=== Records provided ===
----------

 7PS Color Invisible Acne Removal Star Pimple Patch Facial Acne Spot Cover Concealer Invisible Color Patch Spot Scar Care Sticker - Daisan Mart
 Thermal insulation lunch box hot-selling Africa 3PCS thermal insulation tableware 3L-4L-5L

----------

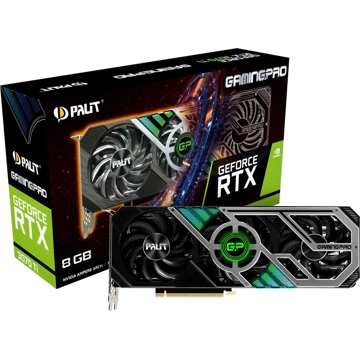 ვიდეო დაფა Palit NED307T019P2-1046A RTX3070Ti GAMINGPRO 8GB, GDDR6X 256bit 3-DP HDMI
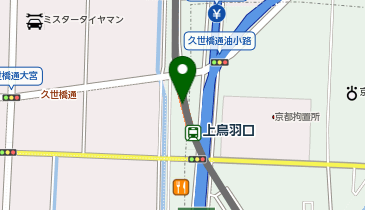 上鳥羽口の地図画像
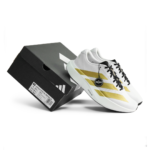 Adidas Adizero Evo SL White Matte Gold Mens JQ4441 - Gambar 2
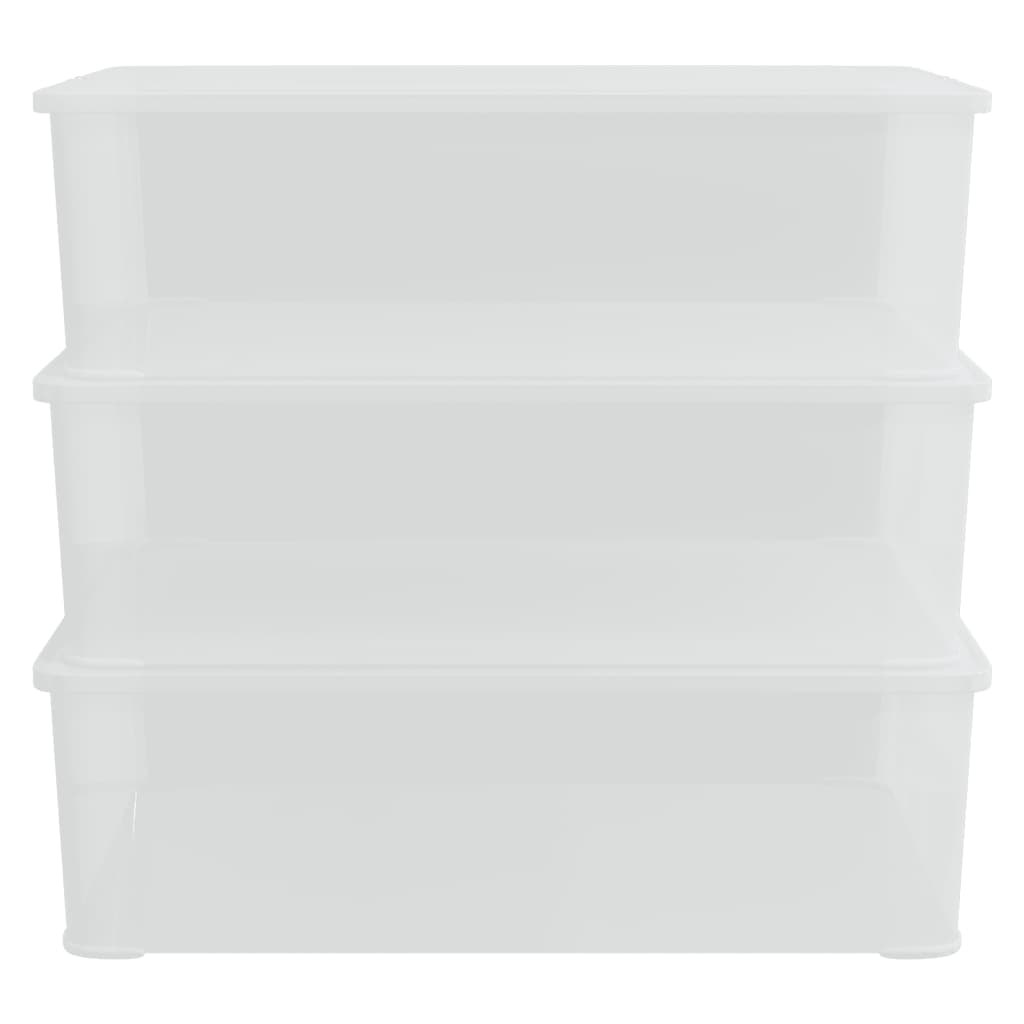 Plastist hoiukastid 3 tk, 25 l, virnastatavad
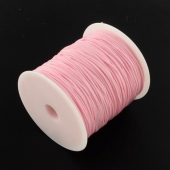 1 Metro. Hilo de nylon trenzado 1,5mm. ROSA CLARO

----------

Repeat the lines above exactly, beginning with the one containing "Adidas Adizero Evo" and finishing with the one containing "1 Metro. Hilo". No pictures belong in the copy.

=== Solved problem ===
 Adidas Adizero Evo SL White Matte Gold Mens JQ4441 - Gambar 2
 Plastist hoiukastid 3 tk, 25 l, virnastatavad
 1 Metro. Hilo de nylon trenzado 1,5mm. ROSA CLARO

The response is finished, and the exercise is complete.